A few days after my conversation with Eczacıbaşı, I received an e-mail from Gaye Çevikel, whose works I have been following closely for years. “The Financial Times, in its weekend edition, mentions our brand Gaia&Gino in an article titled ‘Intelligent Design.’” When I checked the website link Çevikel sent, I was happy to see a photograph of the Cali vase created by famous designer Karim Rashid for the brand Gaia&Gino. I should also mention that the very same vase has been used in the decoration of the Huber Villa, where Turkish President Abdullah Gül stays when he is in Istanbul.
Çevikel, who has been working with world-famous designers since she created the brand in 2004, has every right to be proud, because the New York Times had mentioned a week earlier that the “Star Collection,” also by Gaia&Gino, had been ordered by popular British architect David Adjaye.
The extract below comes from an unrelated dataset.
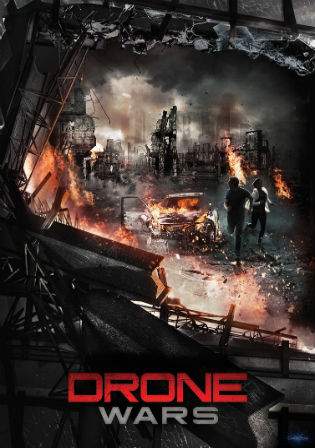 Drone Wars 2016 BluRay 480p English 250MB Watch Online Full Movie Download bolly4u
At the suggestion of Çevikel, who has for years been trying to create a “global design language” using local materials and craftsmen, Adjaye used the copper plates.
Adjaye, who designed the Peace Center in Oslo, the Contemporary Arts Museum in Detroit and the African-American National History Museum, an upcoming addition to the Smithsonian Museum in Washington, D.C., has benefited from the local craft styles used in the “Star Collection.” Products by Gaia&Gino, for which Çevikel has worked with design gurus such as Rashid, Andree Putman, Arik Levy, Jaime Hayon and Defne Koz, have also been purchased for the collections of 13 different museums. After reading the articles in the Financial Times and the New York Times, I asked Çevikel about selling products that fall into the “luxury design” category. Çevikel said that while she eyed the U.S. and European markets more in the beginning, she is now much more active in Middle Eastern and Persian Gulf countries due to the global economic crisis.
“The balance has shifted; 70 percent of our orders come from Middle Eastern and Gulf countries, while 15 percent come from the U.S. and Europe, and another 15 percent come from the Far East,” Çevikel said.
I consider Çevikel a pioneer of “designed in Turkey,” because she uses local materials and craftsmanship and motifs that reflect local culture motifs, although she works mostly with foreign designers and architects, but I want to be fair: Hiref, whose designs have been selling in Gulf countries, is also a similar case.